> _PROBLEM_
When you reach the line containing "Brandy Melville grey cardigan", begin reproducing the material exactly, stop after the line containing "楽天市場】エレコム iPhone16 Pro 用 ハードケース 極み 3眼 6.3", and leave out any pictures along the way.

> _DATA SHOWN_
_____

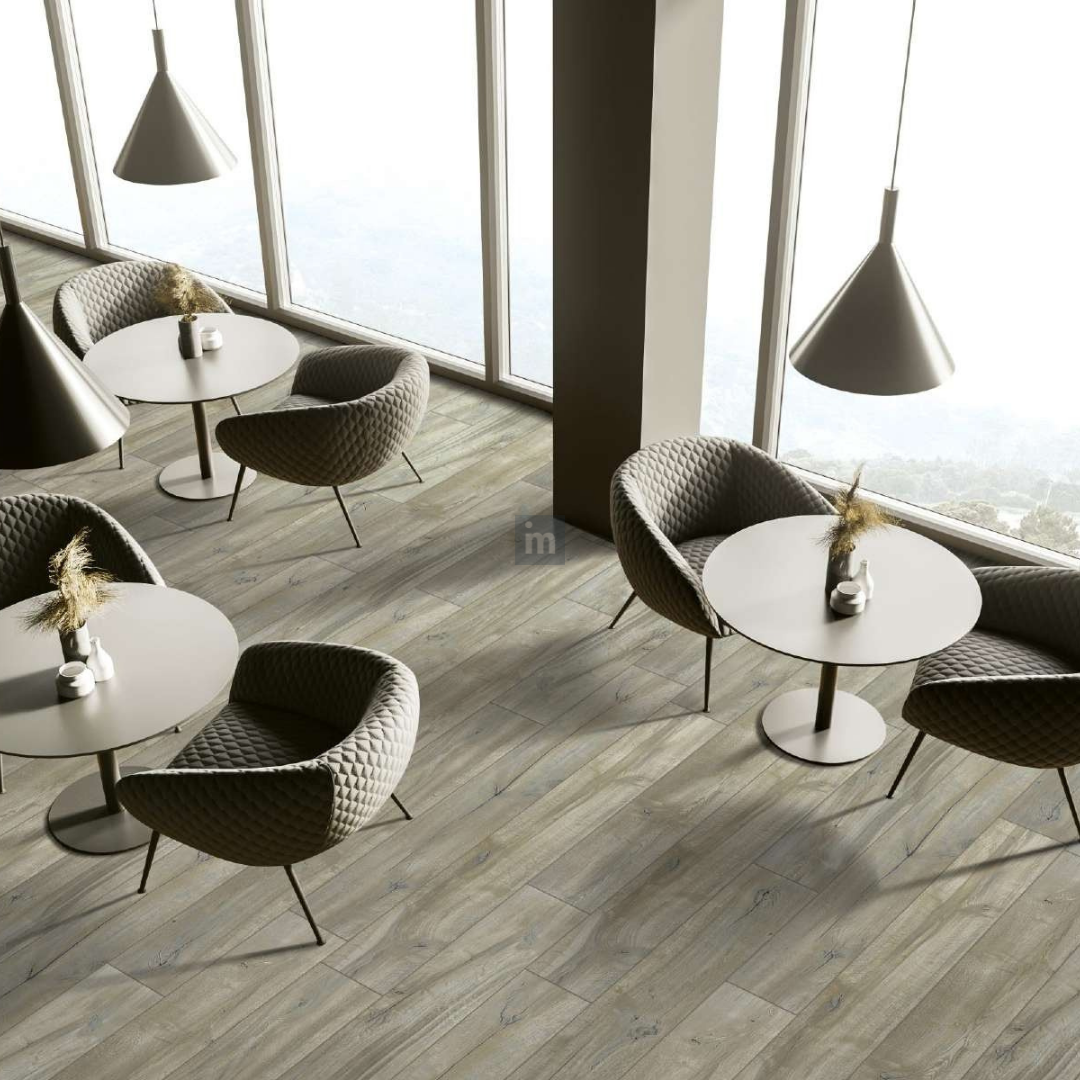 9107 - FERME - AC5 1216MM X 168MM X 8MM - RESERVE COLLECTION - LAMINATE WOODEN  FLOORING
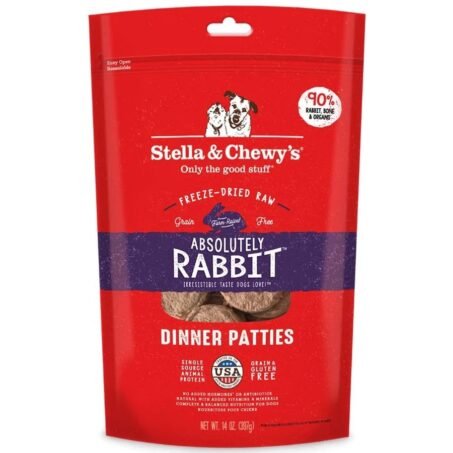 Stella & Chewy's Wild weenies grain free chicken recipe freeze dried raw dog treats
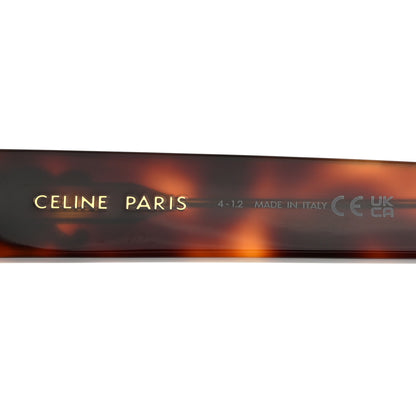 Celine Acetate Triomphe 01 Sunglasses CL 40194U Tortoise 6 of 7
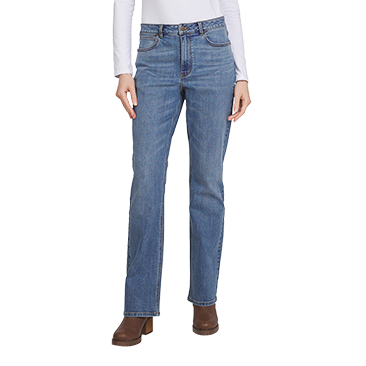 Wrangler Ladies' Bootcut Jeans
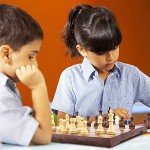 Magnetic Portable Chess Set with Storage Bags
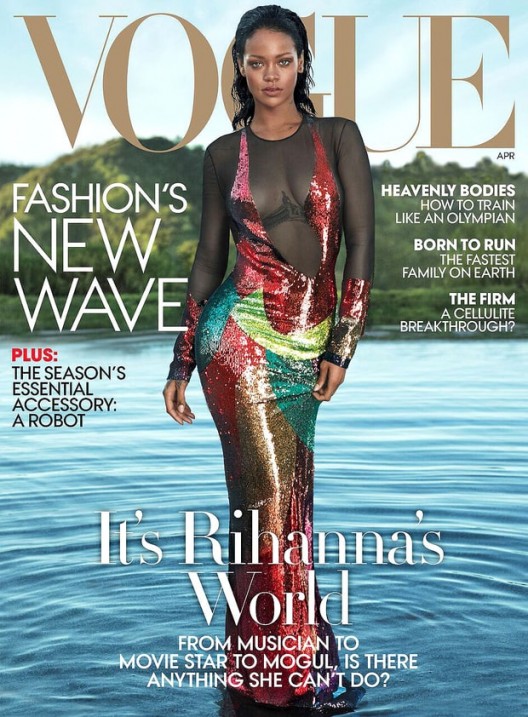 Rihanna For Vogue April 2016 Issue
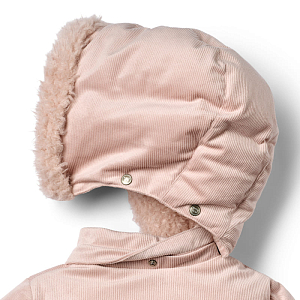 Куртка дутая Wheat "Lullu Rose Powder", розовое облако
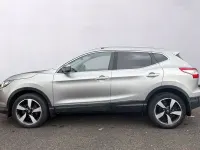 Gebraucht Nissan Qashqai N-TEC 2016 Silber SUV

_____

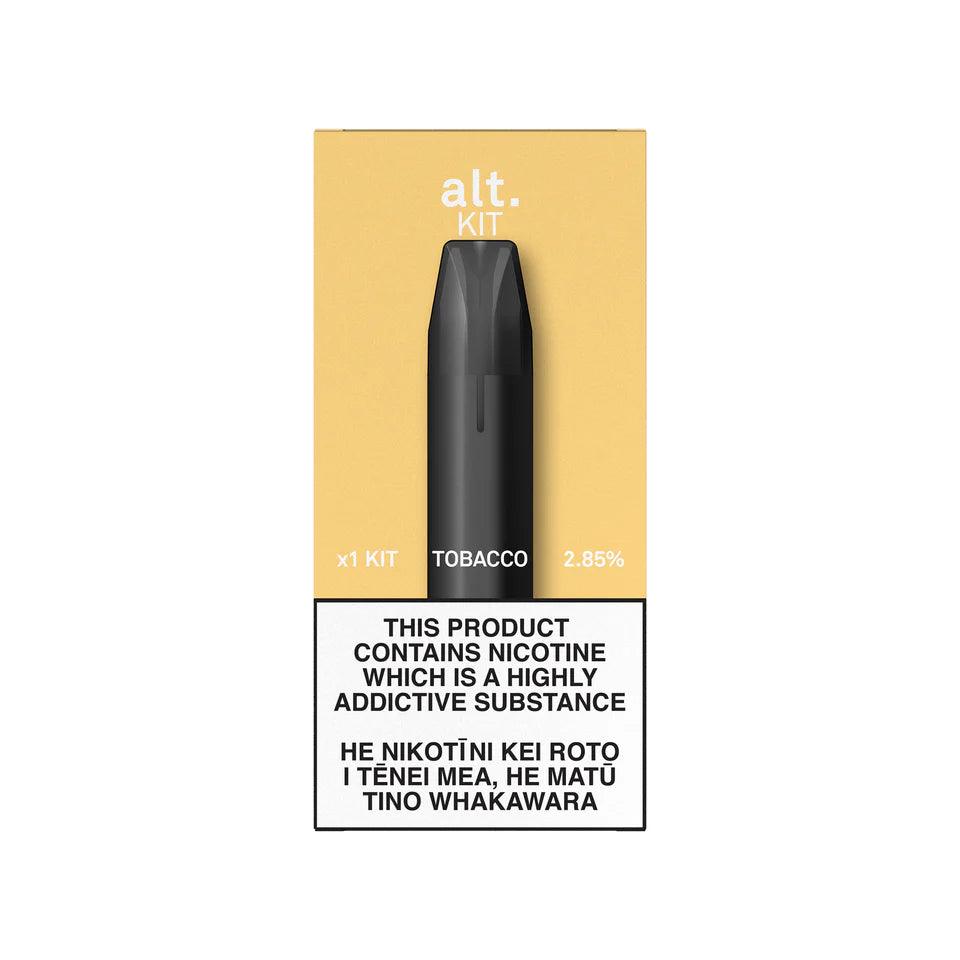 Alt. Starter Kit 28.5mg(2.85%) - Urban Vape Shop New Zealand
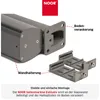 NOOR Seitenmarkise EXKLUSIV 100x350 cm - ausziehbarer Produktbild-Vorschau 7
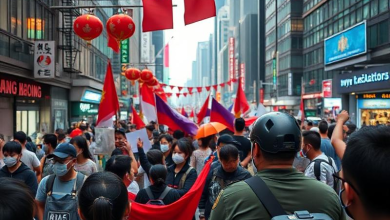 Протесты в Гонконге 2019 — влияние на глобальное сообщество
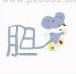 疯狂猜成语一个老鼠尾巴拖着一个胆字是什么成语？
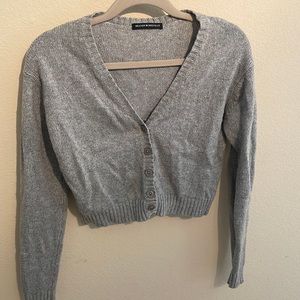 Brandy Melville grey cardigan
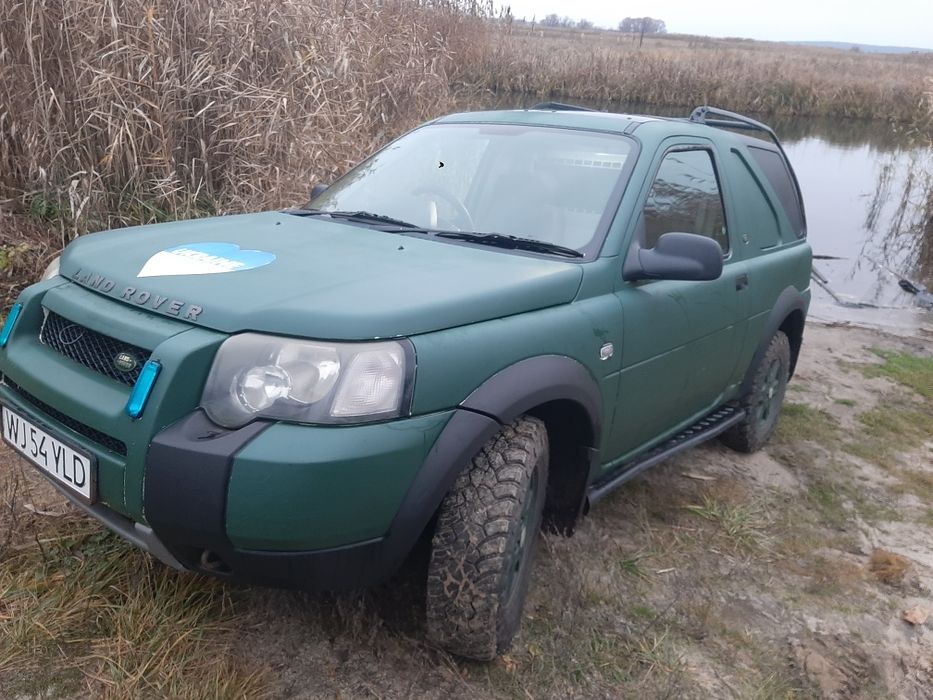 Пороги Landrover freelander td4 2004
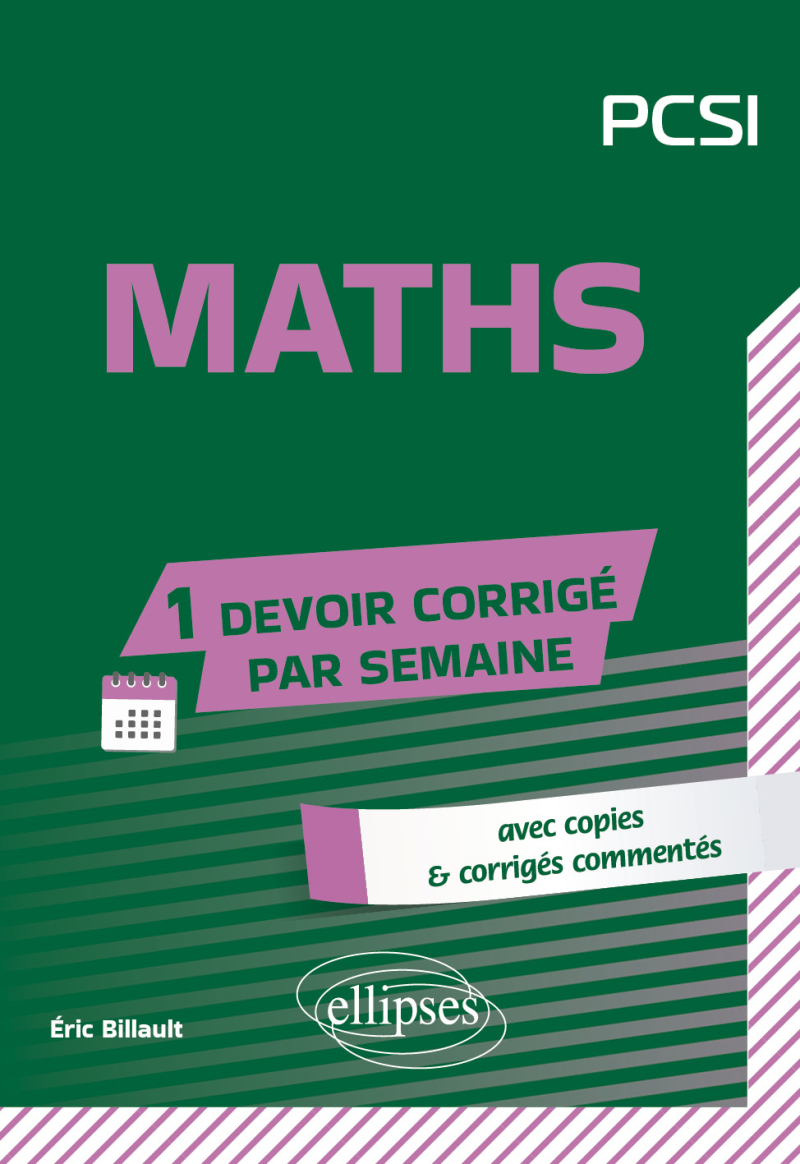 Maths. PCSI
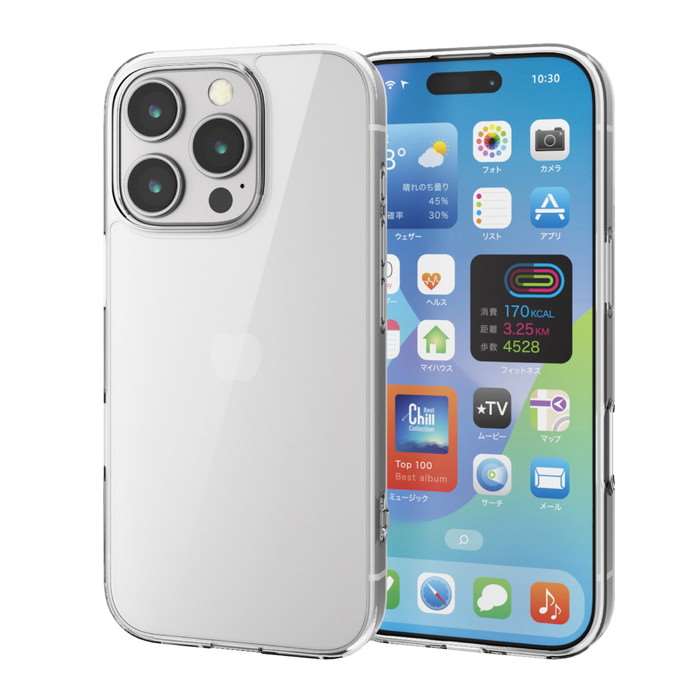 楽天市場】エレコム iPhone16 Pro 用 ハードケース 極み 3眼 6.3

_____

> _RESPONSE_
 Brandy Melville grey cardigan
 Пороги Landrover freelander td4 2004
 Maths. PCSI
 楽天市場】エレコム iPhone16 Pro 用 ハードケース 極み 3眼 6.3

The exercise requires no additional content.